Where I feel Darkthrone succeed most, is in their ability to gradually reshape their music in directions that interest them whilst still embracing a unifying "sound", as in the blackened crust that still forms the backbone of what they are about, whatever other genre thay may be focussing on otherwise. This continuity gives us diehard fans a way into whatever it is they are doing and with it comes a kind of surety as to what you are going to get. Darkthrone seem uninterested in suddenly changing direction for the sake of it and are unlikely to throw out too many jarring curveballs to their audience. Of course, this is much to the chagrin of a lot of the online metal community, whose almost ADHD-like desire for continuous change and intellectual challenge (from albums the majority will only listen to once or twice) makes a band like Darkthrone anathema to them and attracts huge amounts of criticism as the keyboard warriors vent their spleen against the duo. But of course by then, Fenriz is off skating up some frozen fjord and couldn't give two fucks what some music know-all from gods-know-where has to say about it!

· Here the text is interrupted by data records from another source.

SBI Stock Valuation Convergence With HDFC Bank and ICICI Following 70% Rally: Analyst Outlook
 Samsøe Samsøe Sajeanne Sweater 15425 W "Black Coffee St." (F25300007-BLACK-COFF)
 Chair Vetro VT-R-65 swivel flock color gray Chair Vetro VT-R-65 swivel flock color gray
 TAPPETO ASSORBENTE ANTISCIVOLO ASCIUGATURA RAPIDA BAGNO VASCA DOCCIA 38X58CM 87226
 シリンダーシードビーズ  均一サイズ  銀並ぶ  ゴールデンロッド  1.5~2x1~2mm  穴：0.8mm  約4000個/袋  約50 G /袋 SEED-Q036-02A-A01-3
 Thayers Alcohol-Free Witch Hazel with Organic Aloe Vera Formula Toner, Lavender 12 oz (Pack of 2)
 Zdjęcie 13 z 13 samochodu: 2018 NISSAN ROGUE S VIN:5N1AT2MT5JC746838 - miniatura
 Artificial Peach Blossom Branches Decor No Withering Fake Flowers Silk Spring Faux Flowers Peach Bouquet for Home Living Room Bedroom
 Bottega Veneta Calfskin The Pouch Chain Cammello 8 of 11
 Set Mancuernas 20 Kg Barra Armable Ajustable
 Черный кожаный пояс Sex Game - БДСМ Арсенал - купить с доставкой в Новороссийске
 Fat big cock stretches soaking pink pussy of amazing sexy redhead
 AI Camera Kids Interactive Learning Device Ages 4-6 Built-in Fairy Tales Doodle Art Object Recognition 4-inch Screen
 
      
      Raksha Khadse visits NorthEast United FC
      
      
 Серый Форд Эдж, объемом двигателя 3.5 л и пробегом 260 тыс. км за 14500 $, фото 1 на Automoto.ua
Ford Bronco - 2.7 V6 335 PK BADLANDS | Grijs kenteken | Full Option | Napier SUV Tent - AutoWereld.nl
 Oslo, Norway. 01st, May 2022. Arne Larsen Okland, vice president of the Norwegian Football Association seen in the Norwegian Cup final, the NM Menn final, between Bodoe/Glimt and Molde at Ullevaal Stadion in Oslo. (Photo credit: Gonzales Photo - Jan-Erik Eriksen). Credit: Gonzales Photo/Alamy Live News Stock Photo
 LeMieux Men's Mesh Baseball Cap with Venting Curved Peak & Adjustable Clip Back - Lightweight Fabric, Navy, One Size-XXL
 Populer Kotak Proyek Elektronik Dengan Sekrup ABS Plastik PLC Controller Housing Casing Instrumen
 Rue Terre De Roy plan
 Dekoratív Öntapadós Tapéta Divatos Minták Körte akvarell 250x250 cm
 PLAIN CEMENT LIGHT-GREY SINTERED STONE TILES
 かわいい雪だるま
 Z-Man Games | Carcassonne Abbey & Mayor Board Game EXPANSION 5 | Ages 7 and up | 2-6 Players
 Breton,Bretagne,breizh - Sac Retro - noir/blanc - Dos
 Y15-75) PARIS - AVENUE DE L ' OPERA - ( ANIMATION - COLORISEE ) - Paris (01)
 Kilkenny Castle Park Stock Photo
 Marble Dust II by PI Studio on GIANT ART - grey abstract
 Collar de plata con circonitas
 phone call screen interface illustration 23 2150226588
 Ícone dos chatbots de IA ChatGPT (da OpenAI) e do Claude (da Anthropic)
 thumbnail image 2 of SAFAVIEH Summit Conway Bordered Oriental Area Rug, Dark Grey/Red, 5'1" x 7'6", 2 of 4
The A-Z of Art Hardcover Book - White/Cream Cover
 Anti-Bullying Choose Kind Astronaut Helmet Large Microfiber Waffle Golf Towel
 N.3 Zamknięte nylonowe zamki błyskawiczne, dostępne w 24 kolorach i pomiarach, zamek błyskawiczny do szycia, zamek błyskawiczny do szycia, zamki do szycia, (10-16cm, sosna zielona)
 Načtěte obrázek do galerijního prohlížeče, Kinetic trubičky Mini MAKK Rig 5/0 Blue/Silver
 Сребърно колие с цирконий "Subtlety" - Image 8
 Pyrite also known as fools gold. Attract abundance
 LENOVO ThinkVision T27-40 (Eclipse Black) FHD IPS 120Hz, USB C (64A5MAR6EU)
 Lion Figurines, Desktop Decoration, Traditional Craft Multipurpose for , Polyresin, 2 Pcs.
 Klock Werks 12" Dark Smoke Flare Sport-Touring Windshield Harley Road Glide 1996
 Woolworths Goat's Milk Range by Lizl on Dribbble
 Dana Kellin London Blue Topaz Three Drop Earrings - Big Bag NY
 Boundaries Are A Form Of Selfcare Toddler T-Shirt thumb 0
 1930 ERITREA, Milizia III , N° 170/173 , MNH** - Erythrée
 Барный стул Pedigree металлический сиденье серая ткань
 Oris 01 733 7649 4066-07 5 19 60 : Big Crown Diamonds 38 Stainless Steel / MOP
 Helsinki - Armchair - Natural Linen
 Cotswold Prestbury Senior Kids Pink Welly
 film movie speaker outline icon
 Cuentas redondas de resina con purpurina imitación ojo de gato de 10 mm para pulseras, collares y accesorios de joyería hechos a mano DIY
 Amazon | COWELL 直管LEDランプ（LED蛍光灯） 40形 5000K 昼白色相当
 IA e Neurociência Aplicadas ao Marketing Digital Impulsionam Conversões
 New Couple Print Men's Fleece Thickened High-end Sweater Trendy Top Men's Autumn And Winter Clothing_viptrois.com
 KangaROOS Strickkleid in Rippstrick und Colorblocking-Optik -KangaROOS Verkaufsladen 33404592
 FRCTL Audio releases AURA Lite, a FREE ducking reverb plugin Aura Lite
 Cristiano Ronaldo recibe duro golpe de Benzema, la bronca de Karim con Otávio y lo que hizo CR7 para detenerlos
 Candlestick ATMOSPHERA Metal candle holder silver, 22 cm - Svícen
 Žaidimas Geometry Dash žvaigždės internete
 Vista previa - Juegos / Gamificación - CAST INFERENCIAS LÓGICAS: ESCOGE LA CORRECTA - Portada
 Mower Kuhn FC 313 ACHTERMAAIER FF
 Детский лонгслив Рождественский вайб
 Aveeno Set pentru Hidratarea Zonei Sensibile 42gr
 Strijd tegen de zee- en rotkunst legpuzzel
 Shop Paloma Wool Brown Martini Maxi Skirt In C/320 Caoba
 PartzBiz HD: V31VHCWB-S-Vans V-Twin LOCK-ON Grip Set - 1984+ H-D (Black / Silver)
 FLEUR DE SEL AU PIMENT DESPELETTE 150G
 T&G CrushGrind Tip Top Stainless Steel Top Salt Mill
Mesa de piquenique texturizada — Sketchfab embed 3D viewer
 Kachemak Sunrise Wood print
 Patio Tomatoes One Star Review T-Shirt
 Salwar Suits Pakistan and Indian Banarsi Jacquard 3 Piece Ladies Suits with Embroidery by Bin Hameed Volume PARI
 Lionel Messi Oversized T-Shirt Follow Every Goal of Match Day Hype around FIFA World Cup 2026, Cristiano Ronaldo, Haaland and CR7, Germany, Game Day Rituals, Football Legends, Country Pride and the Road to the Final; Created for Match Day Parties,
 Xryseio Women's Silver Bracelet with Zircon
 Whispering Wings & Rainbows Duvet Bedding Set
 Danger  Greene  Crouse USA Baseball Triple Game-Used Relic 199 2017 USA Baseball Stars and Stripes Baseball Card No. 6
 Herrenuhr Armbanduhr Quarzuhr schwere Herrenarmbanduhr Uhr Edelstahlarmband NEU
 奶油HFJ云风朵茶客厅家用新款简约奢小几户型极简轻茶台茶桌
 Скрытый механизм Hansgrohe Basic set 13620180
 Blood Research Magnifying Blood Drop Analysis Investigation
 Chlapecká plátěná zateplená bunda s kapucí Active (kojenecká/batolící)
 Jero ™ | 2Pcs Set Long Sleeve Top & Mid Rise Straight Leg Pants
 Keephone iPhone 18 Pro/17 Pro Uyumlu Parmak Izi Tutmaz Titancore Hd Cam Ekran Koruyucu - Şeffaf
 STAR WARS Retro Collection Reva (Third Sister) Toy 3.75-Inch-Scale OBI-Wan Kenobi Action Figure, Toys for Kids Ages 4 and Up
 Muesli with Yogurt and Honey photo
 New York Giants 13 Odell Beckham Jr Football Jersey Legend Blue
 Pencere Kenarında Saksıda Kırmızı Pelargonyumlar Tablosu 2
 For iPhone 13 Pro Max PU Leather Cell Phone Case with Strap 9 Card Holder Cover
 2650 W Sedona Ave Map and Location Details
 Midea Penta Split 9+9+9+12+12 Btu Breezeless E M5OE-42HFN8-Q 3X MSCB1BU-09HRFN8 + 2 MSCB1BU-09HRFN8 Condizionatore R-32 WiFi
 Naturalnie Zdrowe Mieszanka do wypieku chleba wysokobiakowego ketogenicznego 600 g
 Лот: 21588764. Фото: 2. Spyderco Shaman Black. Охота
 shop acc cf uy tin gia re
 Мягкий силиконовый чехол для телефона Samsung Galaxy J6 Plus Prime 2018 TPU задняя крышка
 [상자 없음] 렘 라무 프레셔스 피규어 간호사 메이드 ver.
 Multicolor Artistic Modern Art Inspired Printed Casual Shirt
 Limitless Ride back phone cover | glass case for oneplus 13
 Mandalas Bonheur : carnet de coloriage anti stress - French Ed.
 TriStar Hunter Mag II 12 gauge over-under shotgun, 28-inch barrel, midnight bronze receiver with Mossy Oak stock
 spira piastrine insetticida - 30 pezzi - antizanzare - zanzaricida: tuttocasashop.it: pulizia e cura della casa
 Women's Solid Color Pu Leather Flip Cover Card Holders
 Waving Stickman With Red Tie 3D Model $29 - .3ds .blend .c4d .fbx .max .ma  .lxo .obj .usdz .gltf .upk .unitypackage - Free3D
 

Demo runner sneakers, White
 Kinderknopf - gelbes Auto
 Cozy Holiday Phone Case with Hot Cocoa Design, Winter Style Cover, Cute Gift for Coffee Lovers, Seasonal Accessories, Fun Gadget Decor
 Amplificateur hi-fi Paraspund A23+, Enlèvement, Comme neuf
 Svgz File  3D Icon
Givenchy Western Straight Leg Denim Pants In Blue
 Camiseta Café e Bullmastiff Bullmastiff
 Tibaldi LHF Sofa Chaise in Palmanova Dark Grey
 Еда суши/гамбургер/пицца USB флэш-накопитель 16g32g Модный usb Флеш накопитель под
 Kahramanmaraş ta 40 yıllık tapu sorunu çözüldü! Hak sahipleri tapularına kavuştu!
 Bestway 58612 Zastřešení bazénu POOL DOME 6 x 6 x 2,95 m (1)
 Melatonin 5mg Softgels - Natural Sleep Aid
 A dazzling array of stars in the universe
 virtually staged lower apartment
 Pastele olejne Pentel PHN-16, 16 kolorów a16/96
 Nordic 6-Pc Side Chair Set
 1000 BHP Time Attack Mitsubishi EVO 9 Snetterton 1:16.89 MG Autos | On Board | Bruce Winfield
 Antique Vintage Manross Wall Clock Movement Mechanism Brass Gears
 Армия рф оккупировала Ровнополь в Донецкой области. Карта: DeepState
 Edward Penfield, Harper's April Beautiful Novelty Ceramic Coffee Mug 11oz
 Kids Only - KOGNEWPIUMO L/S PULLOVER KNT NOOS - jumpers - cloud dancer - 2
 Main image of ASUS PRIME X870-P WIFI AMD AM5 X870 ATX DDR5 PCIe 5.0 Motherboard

Astral Fortress start out very strongly with Caravan of Broken Ghosts which has a great crusty trad doom main riff that gets even better when the duo put their pedal to the metal on the speeded up section that used to be one of the staples of trad doom, the track as a whole coming off as a necroticised version of Pentagram or early Saint Vitus. I think Nocturno and Fenriz take their feet off the gas a little on the next couple of tracks, Impeccable Caverns of Satan and Stalagmite Necklace. They are decent enough and I really like the main black 'n' roll riff of the former, but they lack dynamism and start to drag the album down a bit, sounding as they do like outtakes from Celtic Frost's Morbid Tales that didn't make the cut. So, despite side one tailing off to some extent, side two is a much more convincing experience. Kicking off with the bizarrely named The Sea Beneath the Seas of the Sea, the track itself is bookended by an intro and outro that sound a bit like very early (circa Fly By Night) Rush - believe it or not! The track as a whole is Darkthrone's own particular take on a ten minute trad doom epic that sounds like it's been dug up after thirty or forty years of decay. Next up, Kervorkian Times is my favourite track on the album with a killer main riff and Nocturno Culto spitting fire and bile, proving that even in their fifties these guys are still underground metal legends. A short instrumental and we're into final track Eon 2, which doesn't on the face of it have anything to do with the instrumental Eon off of Soulside Journey, but which does contain a Maiden-esque galloping riff before it settle back into the doom-pacing of the rest of the album.
Nocturno Culto's vocals are undiminished by time and he still fires out riffs left, right and centre and Fenriz is a complete legend so, to me, the world is a much better place with a band like Darkthrone and their love of metal and refusal to compromise still in it. So what I'm trying to say is "fuck the haters".